**YOUR TASK**
All of the data should be restated word for word, with the pictures omitted.

**INFORMATION PROVIDED**
== Segment start ==

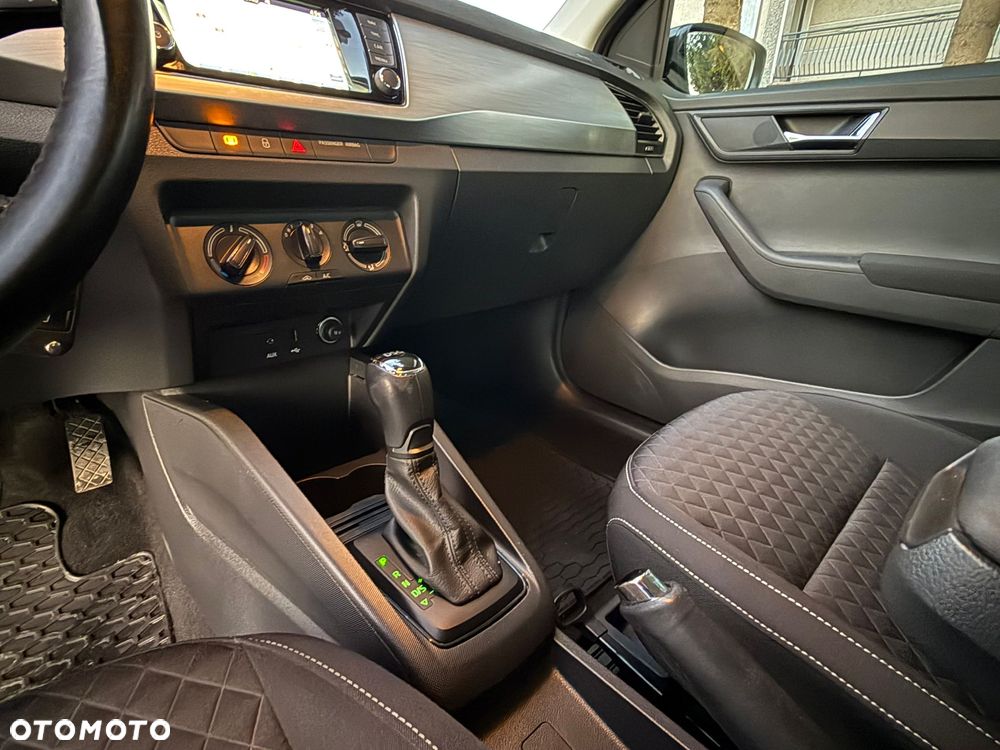 Skoda Fabia 1.0 TSI DSG Monte Carlo - 23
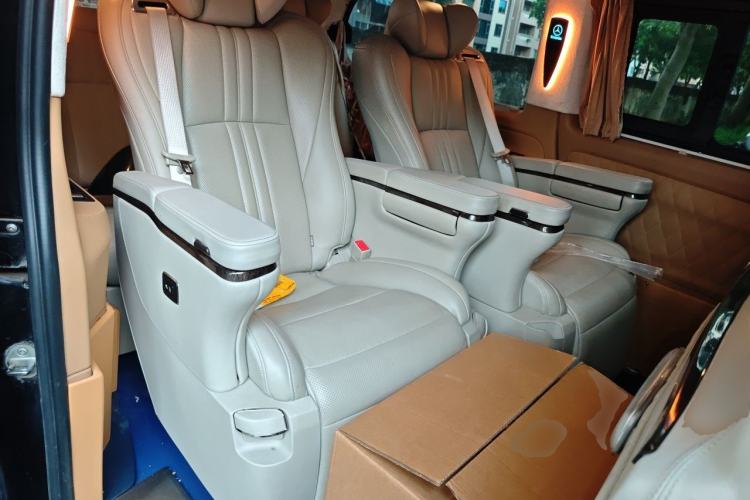 Used Mercedes-Benz Vito 2016 2.0T Elite Edition Left Rear Seat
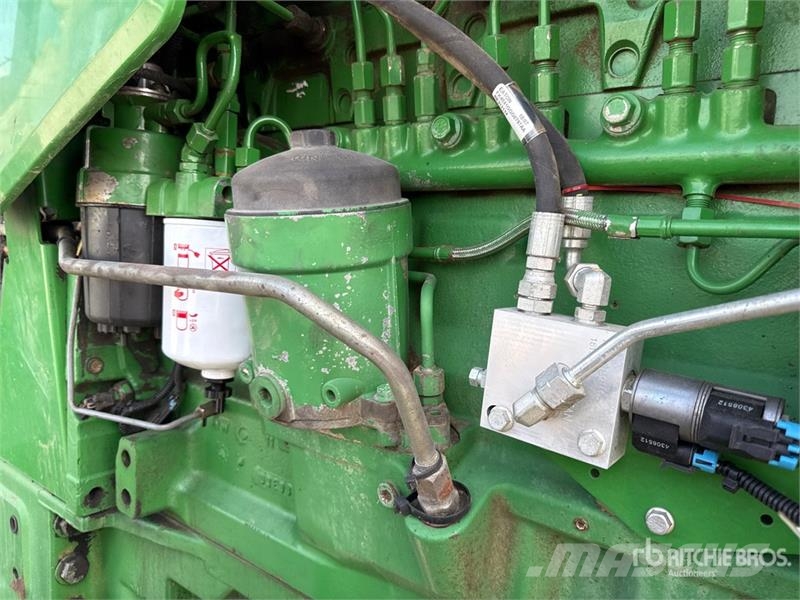 John Deere 8230 Trattori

== Segment end ==

**THE COMPLETED TASK**
 Skoda Fabia 1.0 TSI DSG Monte Carlo - 23
 Used Mercedes-Benz Vito 2016 2.0T Elite Edition Left Rear Seat
 John Deere 8230 Trattori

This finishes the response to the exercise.